Nigel Bond (born 15 November 1965) is an English former professional snooker player.

Bond competed on the main tour from 1989 to 2022, and was ranked within the world's top 16 players between 1992 and 1999, peaking at 5th for the 1996–97 season. He reached the final of the World Championship in 1995, where he lost 9–18 to Stephen Hendry. He won the 1996 British Open, defeating John Higgins 9–8.

Having reached three other ranking tournament finals, Bond won the 2011 Snooker Shoot-Out and, in 2012, defeated Tony Chappel to win the World Seniors Championship. He fell off the tour following his loss to Lukas Kleckers in the second qualifying round for the 2022 World Championship, and subsequently announced his retirement.

Career
Bond was born in Darley Dale, Derbyshire.
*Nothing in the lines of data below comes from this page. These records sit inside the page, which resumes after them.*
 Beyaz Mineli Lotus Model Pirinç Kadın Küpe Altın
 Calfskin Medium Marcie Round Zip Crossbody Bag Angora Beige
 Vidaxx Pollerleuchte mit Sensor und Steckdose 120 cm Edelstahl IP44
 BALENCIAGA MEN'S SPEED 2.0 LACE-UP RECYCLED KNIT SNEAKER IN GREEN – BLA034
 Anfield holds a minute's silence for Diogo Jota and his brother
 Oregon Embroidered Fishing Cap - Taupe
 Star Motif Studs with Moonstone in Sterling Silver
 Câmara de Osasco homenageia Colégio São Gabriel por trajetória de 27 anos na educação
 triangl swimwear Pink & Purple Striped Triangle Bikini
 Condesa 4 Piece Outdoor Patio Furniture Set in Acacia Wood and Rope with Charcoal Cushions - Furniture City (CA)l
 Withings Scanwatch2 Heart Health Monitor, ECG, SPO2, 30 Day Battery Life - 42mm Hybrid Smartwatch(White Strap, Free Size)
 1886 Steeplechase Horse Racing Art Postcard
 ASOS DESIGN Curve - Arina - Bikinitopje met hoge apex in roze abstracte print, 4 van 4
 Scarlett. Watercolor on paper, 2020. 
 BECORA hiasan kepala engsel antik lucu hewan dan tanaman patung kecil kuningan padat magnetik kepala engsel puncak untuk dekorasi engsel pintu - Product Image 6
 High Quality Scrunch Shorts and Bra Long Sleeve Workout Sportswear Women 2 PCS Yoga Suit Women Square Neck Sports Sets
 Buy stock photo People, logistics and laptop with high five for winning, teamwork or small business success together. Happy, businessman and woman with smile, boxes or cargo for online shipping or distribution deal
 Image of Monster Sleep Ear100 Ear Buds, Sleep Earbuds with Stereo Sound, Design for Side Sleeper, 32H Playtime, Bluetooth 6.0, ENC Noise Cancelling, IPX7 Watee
After a strong amateur career, Bond turned professional for the 1989–1990 season. He reached his first ranking semi-final in his first season, and his first final in his second season, but his career peaked in the mid-1990s. In the 1994 World Championship, Bond pulled off one of the biggest comebacks in the event's history, rallying from 9–2 to defeat Cliff Thorburn 10–9 in what would be Thorburn's final appearance at the Crucible. A year later, Bond reached the final after beating Stephen Lee, Alan McManus, Gary Wilkinson and Andy Hicks, but lost to Stephen Hendry 18–9. This was his only semi-final run of the season. As a consequence of reaching the final, he climbed to number 5 in the world rankings for 1996/97, and in that same season he acquired his only ranking tournament victory (after three previous losing finals), the British Open, beating John Higgins 9–8 after needing a snooker in the final frame, winning the World Snooker Association Performance of the Year award for this achievement, although he has failed to maintain this level of performance.
He reached at least the quarter finals at the Crucible Theatre every year from 1993 to 1996, losing to Stephen Hendry every time, which added extra spice to their first round match in 2006. After leading comfortably throughout the match Bond was pegged back to 7–7, and the match went to a final frame. With only the black remaining, and 7 points up, Bond clipped it into the left corner pocket, only for the cue ball to go  in the right middle pocket, resulting in a respotted black (the first one ever to decide the final frame of a World Championship match), which Bond potted to take frame and match. Final score 10–9, Bond's first win at the Crucible since 1999, and his only last-16 run of that season.

By the end of the 1990s, Bond was out of the top 16, and dropped out of the top 32 for the 2004–2005 season. However, he reclaimed his place a year later, and remained there until 2010. In the 2007 World Championship he lost in the first round, 10–7 to Peter Ebdon.

A run to the last 16 of the 2007 UK Championships,
in which he came from 5–7 to win 9–7 against Ken Doherty in the last 32 before losing 9–6 to Ding Junhui in the last 16, was a precursor to his first quarter-final run for 5 years, at the China Open. Victories over David Roe, Stephen Lee and Barry Pinches took him to a meeting with Stephen Maguire, which he lost 5–0.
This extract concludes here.